Commissioner Keli Gambrill publicly requested a forensic audit of the meeting’s audio recording, which captured the conflict between Republican and Democratic commissioners over the legality of operating under the district map passed by the board’s Democratic majority. Last year, the county overruled a map passed by state legislators that removed Commissioner Jerica Richardson (D-District 2) from her district midway through her term.

Gambrill previously said that the board improperly went into executive session without the required vote during the Jan. 10 meeting. She maintained that position and called into question the veracity of the recording after county staff played back the audio, showing the board did vote in favor of going into the closed-door executive session.

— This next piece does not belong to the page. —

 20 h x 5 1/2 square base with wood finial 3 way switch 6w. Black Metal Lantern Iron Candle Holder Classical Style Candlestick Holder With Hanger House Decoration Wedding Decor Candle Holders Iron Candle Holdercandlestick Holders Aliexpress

The recording software used by the county clerk, which is also used by court reporters, is provided by a vendor whose technical services staff said it is “near impossible” to alter files in the encrypted system. The company’s president and CEO also reviewed the file and found “there was no system failure. The audio ... was not edited or compromised.”

“Due to the file type and encryption of the file recorded within the CapturePro software, if the file was altered in any way, I would not have been able to play back the audio from within the proprietary software,” Joy Rhodes said in her review sent to the county manager.

Gambrill said the report does not resolve her concerns with the meeting’s audio.

“I still don’t understand how, if I was listening to an original tape, the audibility of it changed,” Gambrill said.

She said that she did not mean to suggest any “malfeasance” by county staff or the board, and reiterated that she “just found it interesting” that the audio’s quality changed at different points in the meeting.

County spokesman Ross Cavitt said the reason the audibility changed was that the commissioners were talking away from their microphones.

“When they talked about voting to go into executive session, they are all standing up, kind of away from their chairs, and then come back to vote by the microphones,” Cavitt said. “Where are we going with this? What is she claiming?”

Gambrill said the forensic review of the audio did not satisfy her concerns, but she will not pursue further inquiry at this time.

The county’s partisan divide has heightened since its map went into effect at the start of the year, with the two Republicans on the board arguing the map is unconstitutional. The commission’s Democratic majority passed its own electoral map to keep Richardson within her district after GOP state lawmakers’ map drew her out, which would have ended her term.

While the county is currently operating under its own map, several state officials have decried it as unconstitutional, and the county is waiting for an expected legal challenge.